Fábrica de chocolates Imperial

Rui Duarte Silva

Num ano, 78% dos contratos que cessaram duraram menos de três meses. E salários estão cada vez mais baixos

O mercado laboral está mais activo mas os progressos dos últimos quatro anos ainda não chegaram para repor os níveis de emprego existentes em Portugal antes da crise. Uma análise complementar aos dados divulgados pelo INE e que analisa o fluxo do emprego criado mostra que “a recuperação está a ser acompanhada por um aumento da instabilidade dos vínculos contratuais a par de uma estagnação ou mesmo recuo na retribuição salarial”.

A conclusão é do Observatório sobre Crises e Alternativas e baseia-se num estudo feito a partir da base de dados do Fundo de Compensação do Trabalho (FCT) e do Fundo de Garantia de Compensação do Trabalho (FGCT). Os investigadores analisaram os números dos últimos quatro anos para tentarem fazer um retrato mais aprofundado sobre a natureza dos contratos que têm sido criados no País, assim como do valor dos salários atribuídos. A intenção é complementar as estatísticas oficiais que, como explica João Ramos de Almeida um dos autores, “dão uma imagem do stock do emprego”, ao passo que o novo estudo analisa o “fluxo e a qualidade dos postos de trabalhos criados”.

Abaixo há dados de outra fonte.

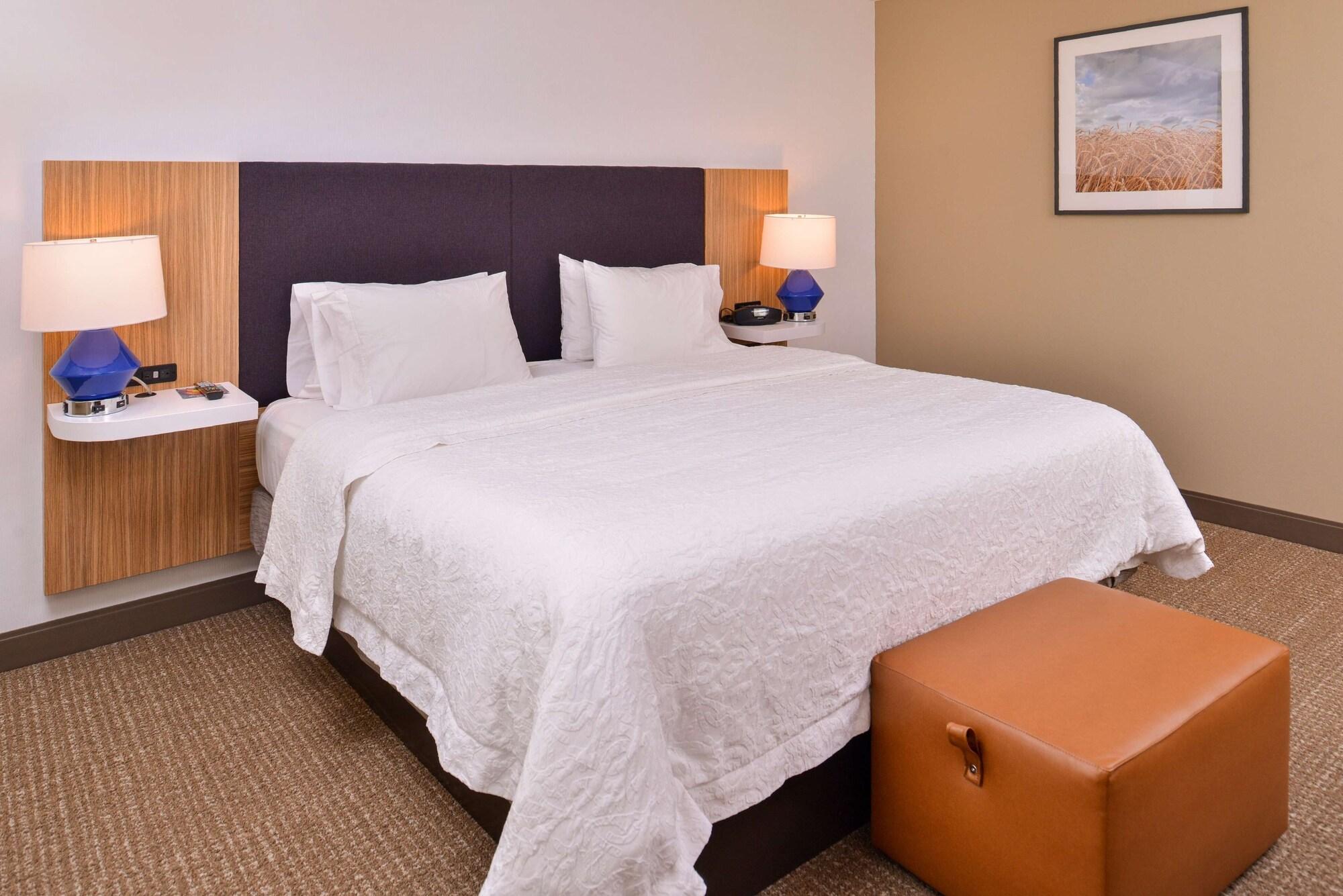 Hampton Inn Йорк Экстерьер фото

O quadro final mostra, sem margem para dúvidas, que Portugal tem um mercado laboral em franca actividade. Entre novembro de 2013 e maio de 2017 foram celebrados 3,3 milhões de contratos de trabalho em Portugal e estes números são tão impressionates quanto o volume de contratos que cessaram no mesmo período de tempo: quase 2,2 milhões. Ou seja, concluem os investigadores, a desproporção entre os contratos firmados e os contratos vigentes atualmente (1,1 milhões) “decorre, em grande medida, da precariedade dos vínculos contratuais”.

Na verdade, só um terço dos contratos vigentes em maio deste ano correspondem a contratos permanentes e, na verdade, abundam as formas contratuais precárias, sejam elas sob a designação de contratos a termo incerto, ou temporário, ou parcial, ou ainda sob a vaga classificação de "outros“. Em comum estas formas de emprego, que estão a ser cada vez mais utilizadas, têm, não só a crescente precaridade, mas ainda um novo factor: a curta duração. Uma análise aos contratos que cessaram entre outubro de 2013 e setembro do ano seguinte permite mesmo concluir que 78% deles tiveram uma duração inferior a três meses, sendo que 25,8% duraram entre 1 e 7 dias! Com mais de um ano de duração, apenas existiram 0,03% de contratos de trabalho.

A par deste aumento da precarização do mercado laboral, o Observatório conclui ainda que se está a acentuar a tendência para uma desvalorização salarial em Portugal. Em janeiro deste ano, o valor médio salarial dos contratos permanentes situava-se nos 810 euros mensais iliquidos, mas o valor baixa para os 603 euros se para os restantes vínculos contratuais. “O salário mínimo nacional configura-se de forma cada vez mais acentuada como uma espécie de salário nacional”, concluem os investigadores.